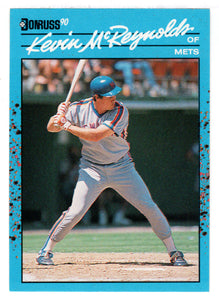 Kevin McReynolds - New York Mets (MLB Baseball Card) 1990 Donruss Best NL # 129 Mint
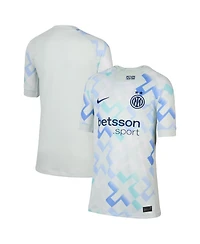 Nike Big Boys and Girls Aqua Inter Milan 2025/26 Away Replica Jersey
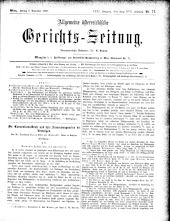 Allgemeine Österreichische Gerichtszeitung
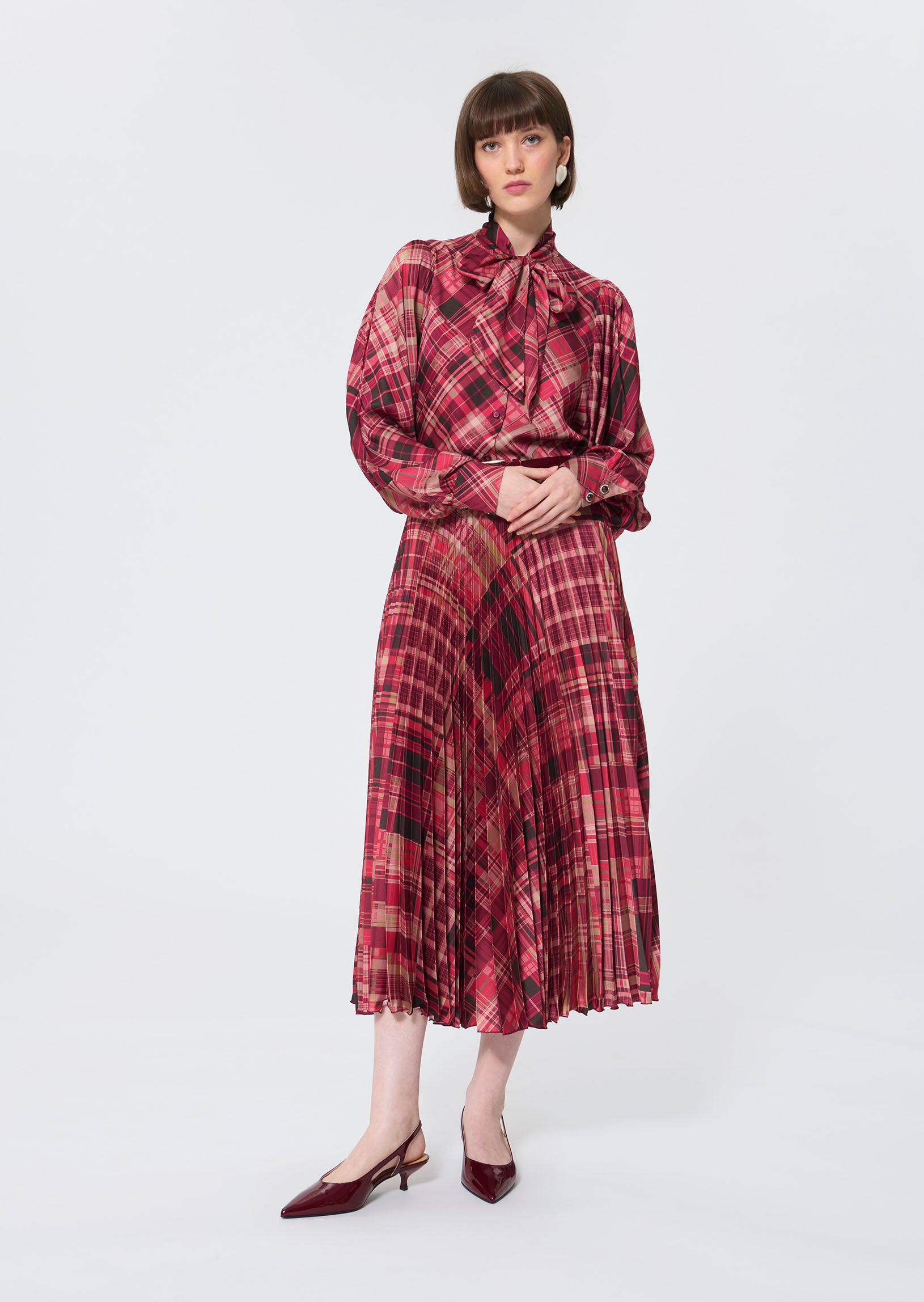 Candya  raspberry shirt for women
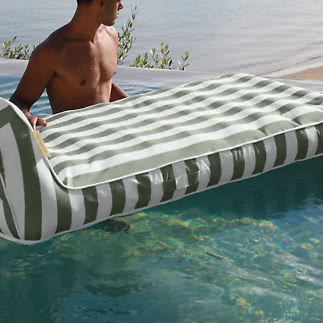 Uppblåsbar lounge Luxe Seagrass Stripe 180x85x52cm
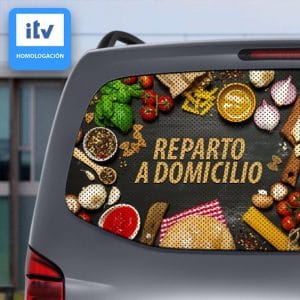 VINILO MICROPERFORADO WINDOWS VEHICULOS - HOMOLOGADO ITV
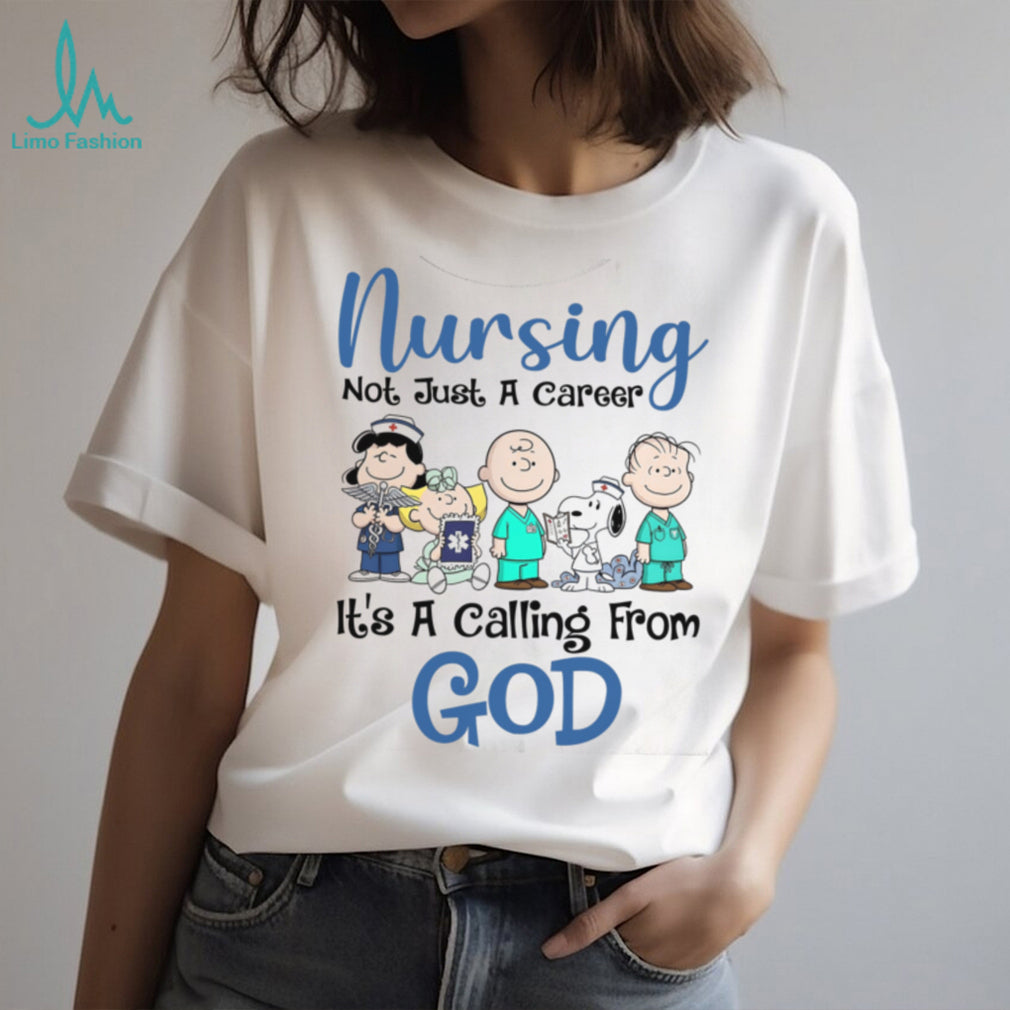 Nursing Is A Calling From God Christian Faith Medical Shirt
-------
(What you are asked to do)
Write out the records above once more, word for word, with no pictures.

(Task solution)
 Kevin McReynolds - New York Mets (MLB Baseball Card) 1990 Donruss Best NL # 129 Mint
 Nike Big Boys and Girls Aqua Inter Milan 2025/26 Away Replica Jersey
 Allgemeine Österreichische Gerichtszeitung
 Candya  raspberry shirt for women
 Uppblåsbar lounge Luxe Seagrass Stripe 180x85x52cm
 VINILO MICROPERFORADO WINDOWS VEHICULOS - HOMOLOGADO ITV
 Nursing Is A Calling From God Christian Faith Medical Shirt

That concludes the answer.